My subject matter ranges quite a bit as I am easily bored! I copied masterpieces for years and still do from time to time, to try out new techniques or approaches. I get most excited about my original designs since they are how I challenge myself. I also like to entertain by creating worlds that are intriguing to the viewer - that seem as though you could step right into them. I am interested in world cultures, symbolism, idealism and universal commonalities, which inspire my concepts. As an artist I am concerned with the way I interpret the world I experience and I often look for opportunities allowing me to incorporate these ideas into my street painting designs.

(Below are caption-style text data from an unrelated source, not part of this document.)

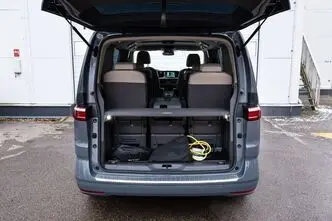 Volkswagen Multivan, 1.4, 180 kW, pistikhübriid, automaat, nelikvedu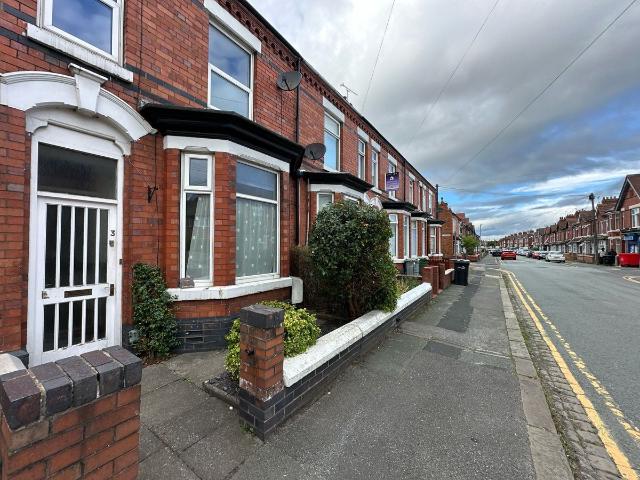 Somerville Street, Crewe CW2, 3 bed terraced house to rent, £875 pcm | PrimeLocation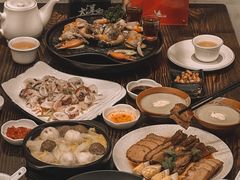 -大洋家·精品潮汕菜·生腌砂锅粥(天河东路店)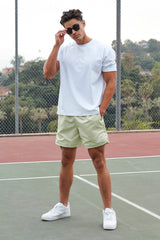 123 Pastel Flow Shorts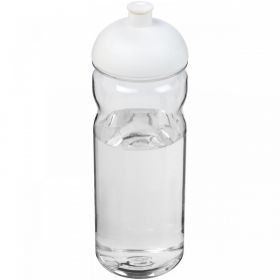 H2O Active® Base Tritan™ 650 ml sportsflaske med kuppel lokk Transparent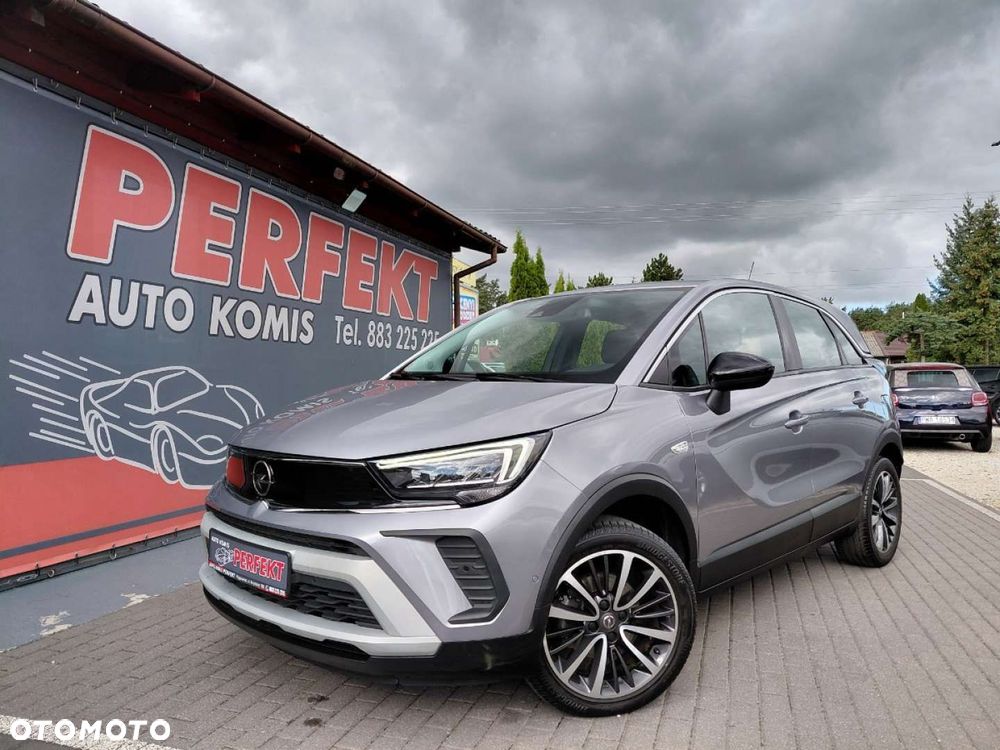 Opel Crossland X - 2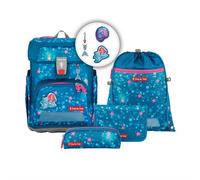 Step by Step Cloud Set de cartables bleu pétrole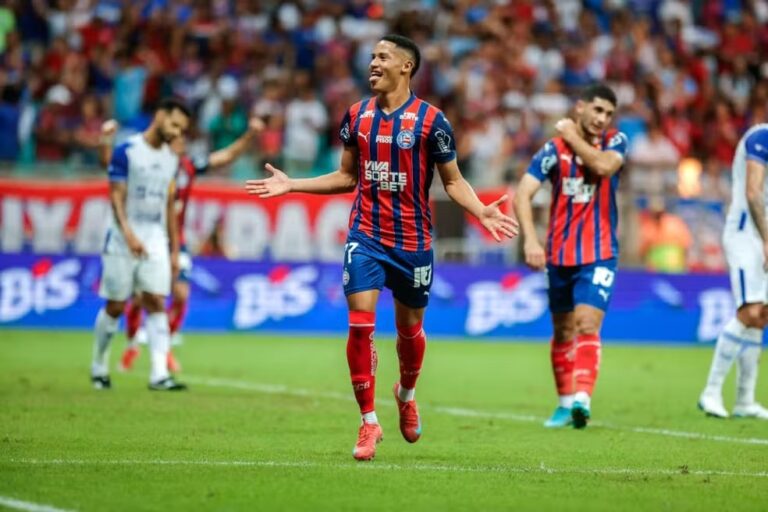 Bahia Oficializa Venda de Atacante Tiago para o Orlando City por R$ 33 Milhões Bahia Oficializa Venda de Atacante Tiago para o Orlando City por R$ 33 Milhões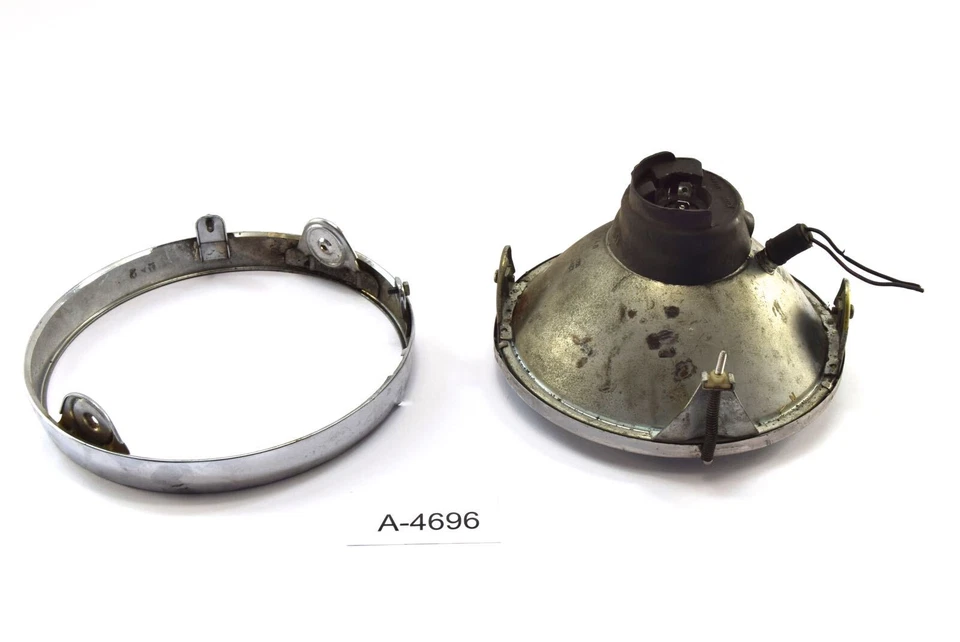 Yamaha SR 500 2J4 - Faro A4696 Foto 2 de 2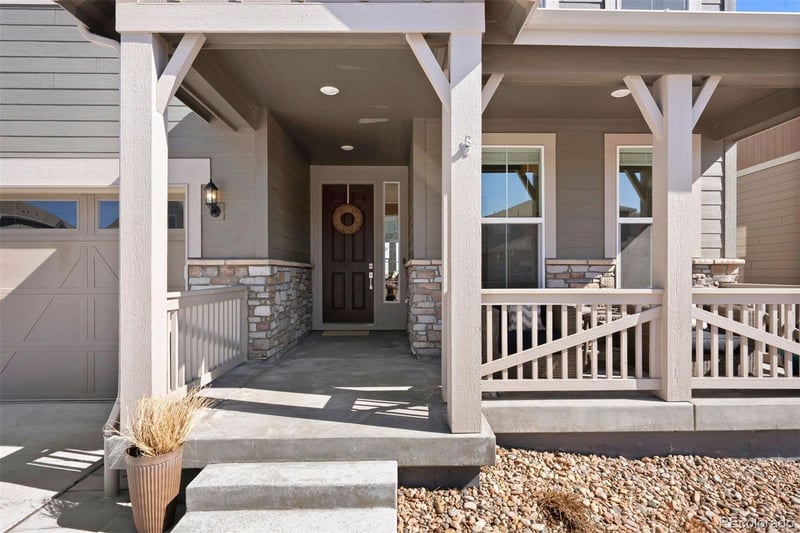 3893 Doubletrack Ln, Castle Rock, CO 80108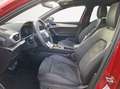 SEAT Leon FR 1.5 eTSI DSG / AHK / PANORAMA / VOLL-LED / NAVI Rot - thumbnail 9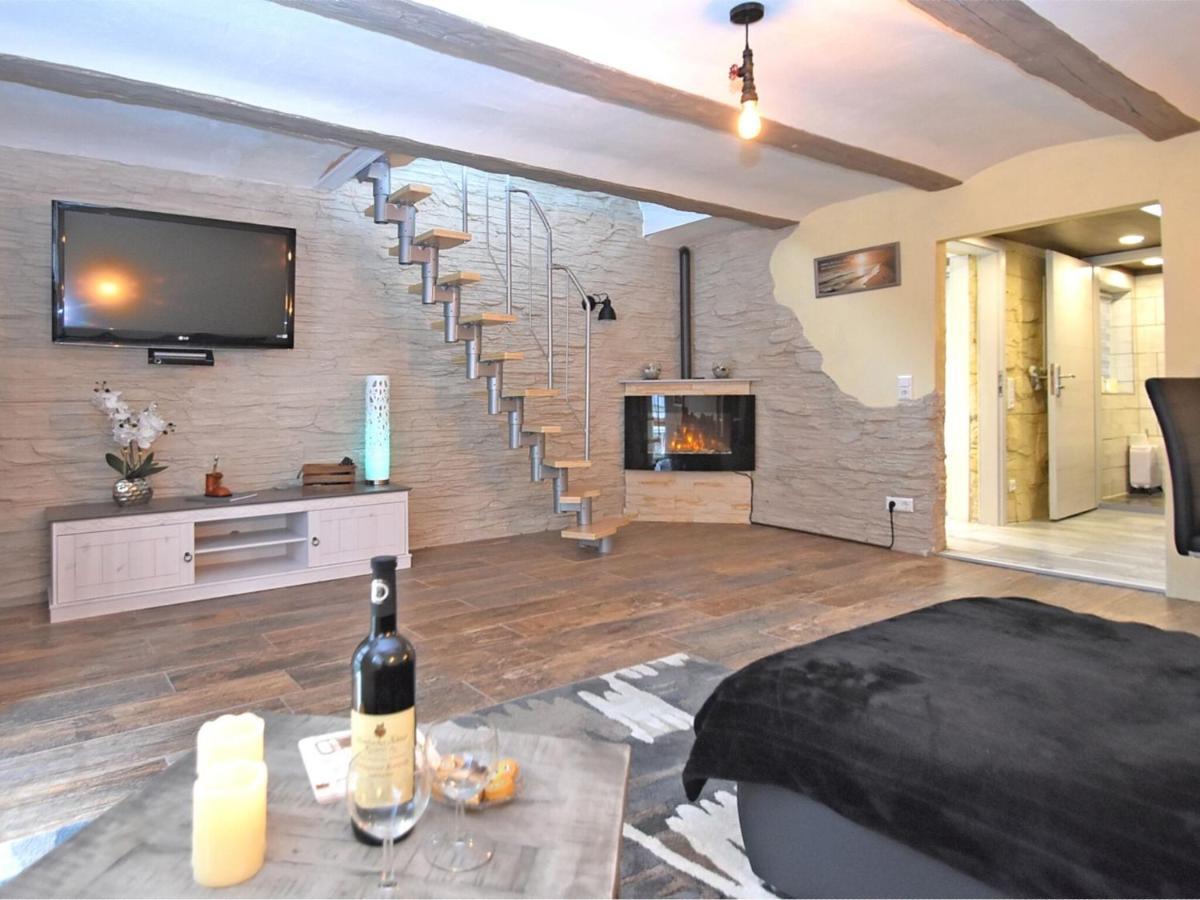 Holiday Home In Wernigerode Near The River Buitenkant foto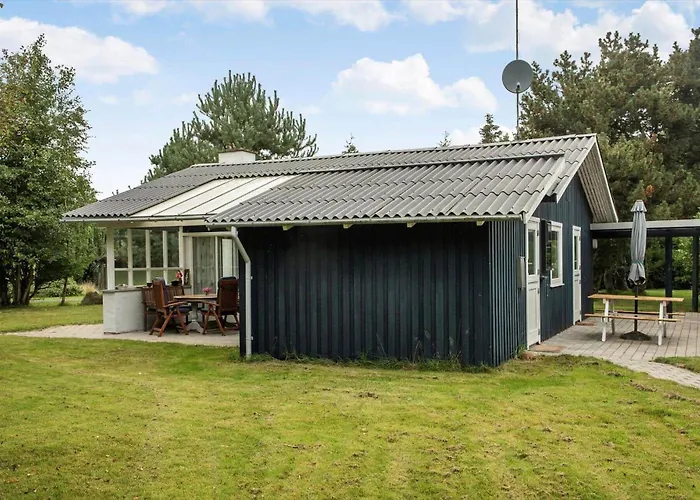 M395-vaeggerlose-bekkasinvej-6 Сasa de vacaciones Bøtø By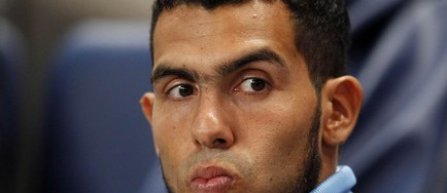 Si daca Tevez s-ar lasa de fotbal?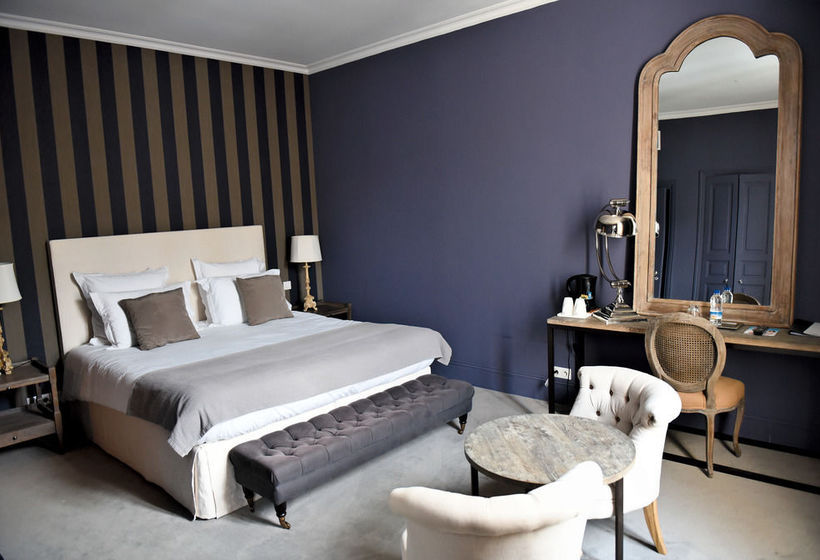 Hôtel Particulier La Chamoiserie  | Niort | Deux-Sevres | France 8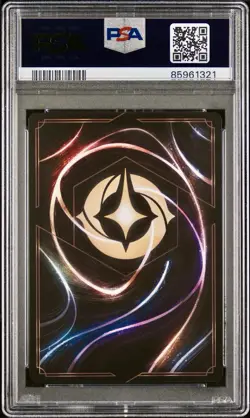 PSA 10 Stitch Rock Star 23/204 GEM MINT Cold Foil Disney Lorcana POP 211 - Image 2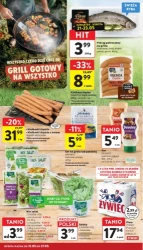 Tydzień pełen świeżych promocji – Intermarche Super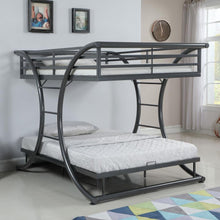 Load image into Gallery viewer, Stephan - Metal Bunk Bed
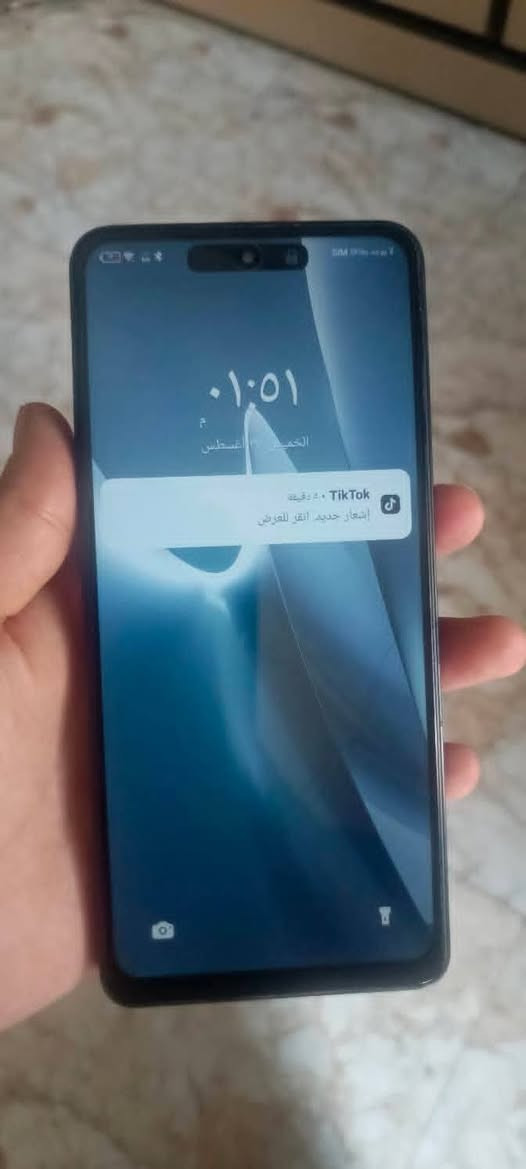 سلام عليكم جهاز انفنكس هوت40iنضيف عفحص
ب160 بي مجال قليل عنوان نجف حي الشرطه تواصل وتساب ***********
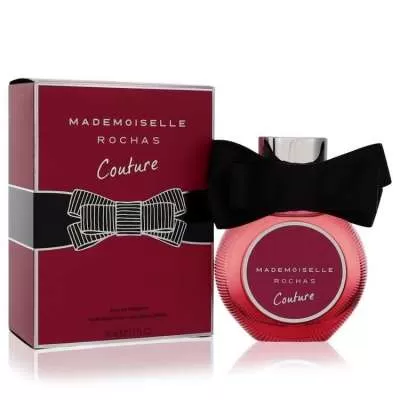 Mademoiselle Rochas Couture by Rochas Eau De Parfum Spray 1.7 oz For Women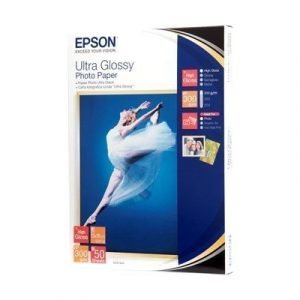 Epson Ultra Glossy Photo Paper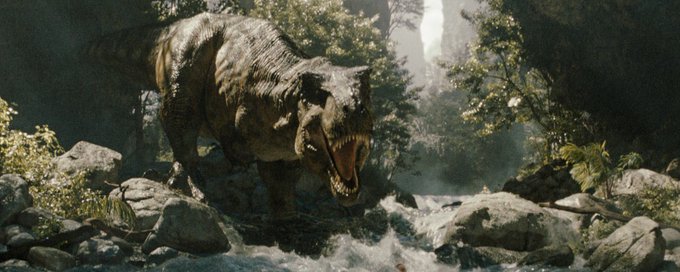 Jurassic World Fandom banner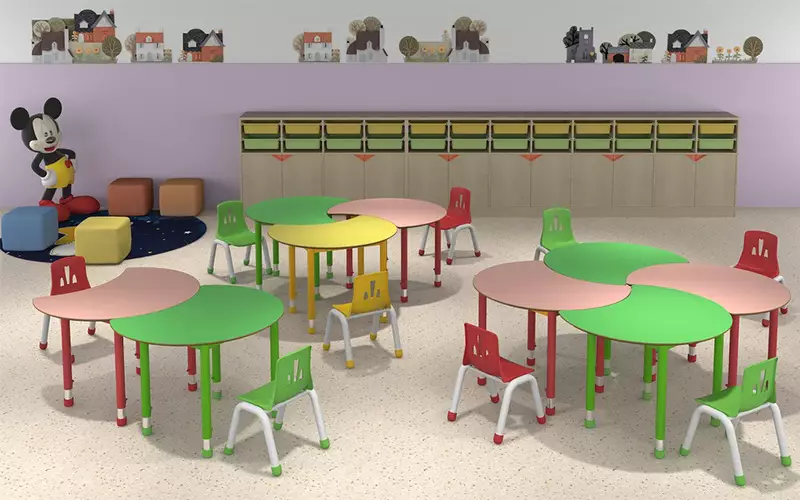 kindergarten furniture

In the US, street paintings are relegated to public festivals or private events. Unfortunately the US typically does not promote or allow ‘in situ' street painting - spontaneously created on any city street or public space. Many cities will fine you for working on their streets since they often refer to it as graffiti! (My problem with this is that while graffiti can be destructive by being permanent, street paintings are temporary and are easily washed away.) It would be great if major cities in the US created a program like the ones used in Europe, which designates a few square meters on a public pedestrian street for permitted street painters to make amazing drawings. I'd love to see that become a part of American culture!
This depends on the size of the painting. I have done one day paintings - usually on the smaller side of 8' x 8'. It's hard to generalize but on the average it takes me anywhere from 2 to 4 days to make a painting, ranging in size from 8' x 10' to 12' x 18'. Most paintings are about 12' x 12' and take about 3 days. Larger team projects like the Sistine Chapel ceiling for the Youth in Arts festival took 6 days to complete, with a team of over 16 artists.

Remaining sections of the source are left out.